* [Supplied records]
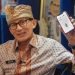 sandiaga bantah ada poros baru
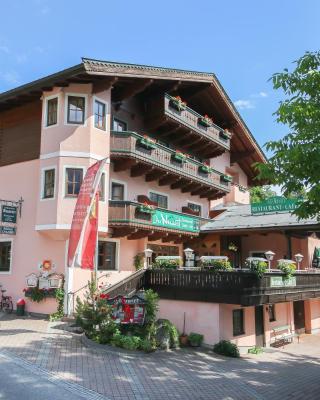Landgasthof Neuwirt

...

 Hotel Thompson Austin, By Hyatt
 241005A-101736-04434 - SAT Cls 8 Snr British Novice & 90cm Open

--

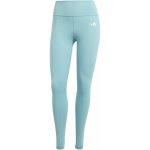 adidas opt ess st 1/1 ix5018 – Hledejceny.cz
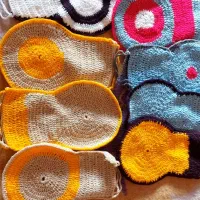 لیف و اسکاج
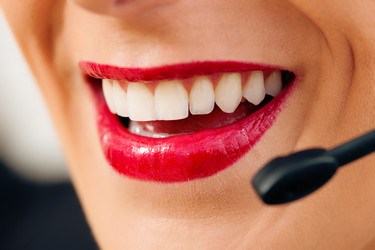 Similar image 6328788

* [What is expected] Look above and copy only the lines from the one holding "sandiaga bantah ada poros baru" to the one holding "Landgasthof Neuwirt", both included, exactly, minus the pictures.

* [Exercise answer]
 sandiaga bantah ada poros baru
Landgasthof Neuwirt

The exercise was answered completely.